100%! The first couple weeks I hated the new system but the tires are the only thing you cant compromise on. Though I’m sure I can compete on stock tires, it makes you have to choose street or race. Everything else I set to stock, then go back and find a proper setup. Race weight and tires is a great way to start on a build
I always used to build like that but unbeatable AI in FM7 builds missile cars so I tend to find you need a more balanced/slightly power biased build. To that end I tend to fit all the adjustables to the suspension and the required tyres with perhaps the next width along with a cage and see where I sit against the cap before adding some power…and race brakes. Then if I have PI left I start with wider tyres and lightening.
In general I find being able to carry maybe 5 mph more in a corner is not worth as much as 20mph at the end of a straight. Although I don’t build true missile cars, I only put on enough tyre and weight upgrades to get the job done.
I dont drive with any of the assists on. I couldnt follow the gas or the brake line if I tried. I just figure it out through trial and error. I can brake late or gas it through areas where others tend to brake.
I also have noticed recently regarding hp-to-weight ratio, it might be better to keep on the weight and add power. Full race brakes, suspension, if I need the cage to stay in the PI I range I will. Half the time I dont add the Forza body upgrades, I can tune the downforce without it. Keeps my acceleration numbers high. Like you said, top speed doesnt mean much if you can reach it on the track
When I rev match, although it’s worked wonders for me, I still get the slight slide some of the time, almost always exclusively while turning. Why is this?
Should I slightly tap the accel? Should I slam my foot on the pedal 100% for a split second? Should I rev right before the downshift to let the rpms catch up? Something else?
Is this something that’s exclusive to a wheel? I’m on a pad and never spin out braking in a straight line whether I downshift or not. I’m using SIM steering, 0/100 deads, all assists off.
To clarify, I’m using an XBox 360 controller on PC.
Normal Steering
ABS Off
Clutch Manual
TCS / Stability off
Perhaps you’re just a better player than me. =P
Or maybe you’re not using the “right” cars. This seems to only ever happen to me on RWD cars with tons of torque.
02 Corvette, though I’ve gotten 100% used to this one, A class. 08 Lambo Reventon, S class, this is the one that I’m having trouble with at the moment. Don’t get me wrong, I’m still getting pretty decent lap times, I just want 100% control of the car at all times and I seem to only have about 90-95% atm.
There’s a trend with it. It happens when I’m coming up on the end of a real long straight going 180mph+ into a wide, long turn.
I actually don’t even know if shifting is the problem at all but rather my control of the joystick. When I brake, make the slight turn, and downshift I’ll slide a bit most of the time and I can’t really put my finger on what’s happening or how to adjust for it.

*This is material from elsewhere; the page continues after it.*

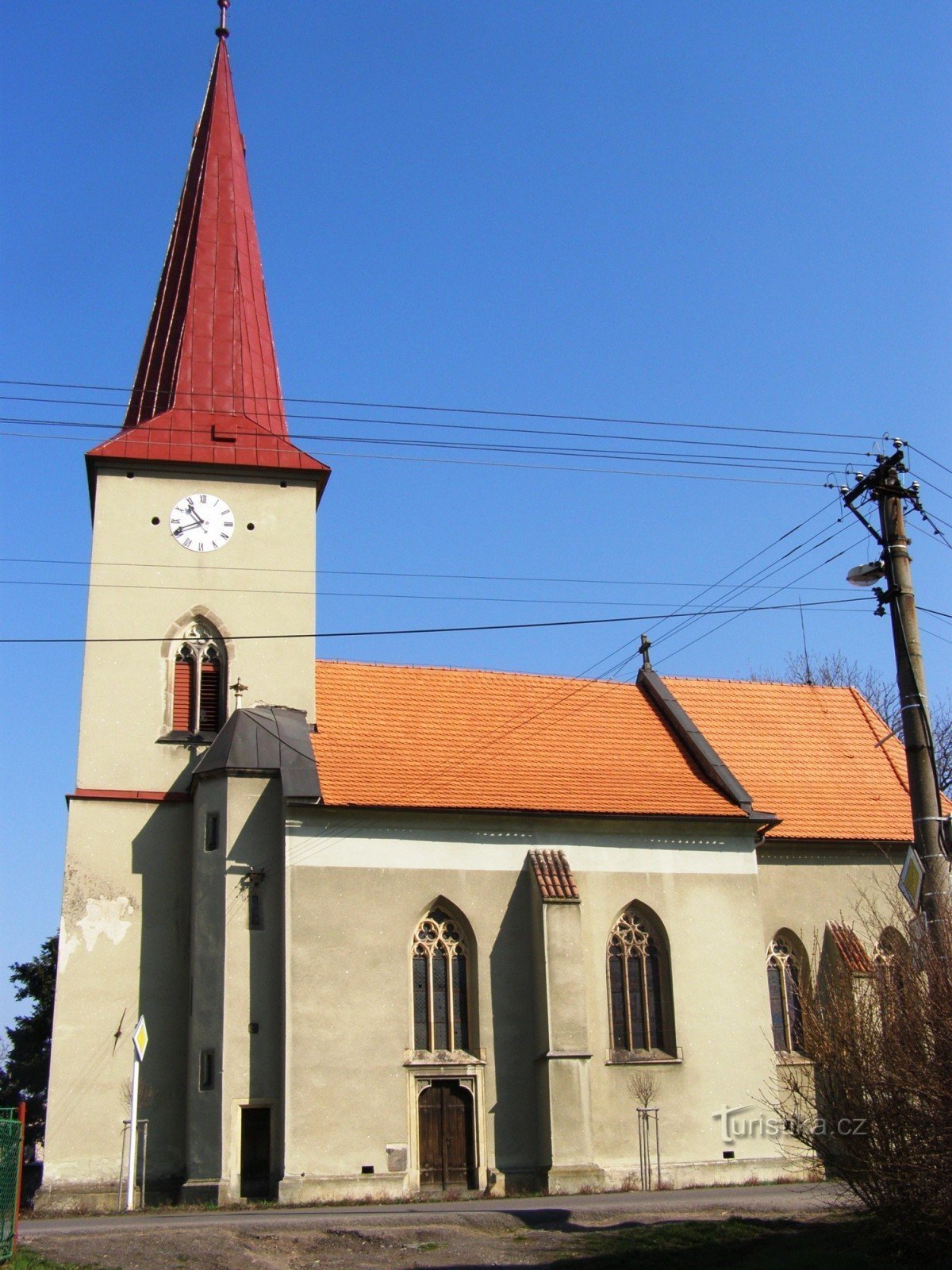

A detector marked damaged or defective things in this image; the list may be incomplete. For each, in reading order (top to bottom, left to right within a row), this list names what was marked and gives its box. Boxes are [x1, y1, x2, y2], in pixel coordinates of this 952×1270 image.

It sound most Lilley to be loft off oversteer to me, you need to balance your throttle input through the turn because if you fully loft off the engine brake goes straight the the loaded rear wheels and can make them loose grip and start to slide, you need to keep a small amount of throttle applied to maintain speed through the corner and keep the car balanced.
https://youtu.be/ovV1ppZspLw if you skip to about the 2:00 mark you can see a good demonstration of what I’m talking about and then see how much of a difference that small amount of throttle input can make
Rev matching is hugely advantageous but as in real life different corners can benefit from different techniques.
Block changing is an option, where instead of going 6th, 5th, 4th, 3rd, 2nd you can go 6th, 4th, 2nd. It’s less downchanges and provided you’re careful it can aid stability.
Another way is if you have a car which brakes well enough not to require the engine braking so much you can leave your down changes until your revs are low enough that it won’t disturb the balance of the car, but make sure you get them done before turn in. I find this is great on older racing cars, like Can-Am and 60’s F1.
Try different things and different setups too. The way I gear my cars is with 1st roughly as long as the original 2nd, and then stack the gears up nice and tight together, with each gear being slightly shorter than the last if that makes sense. It aids deceleration in that each down change gives you less difference in engine speed. Seat time is king, and trying new techniques and new setups is the best way to find what works for you.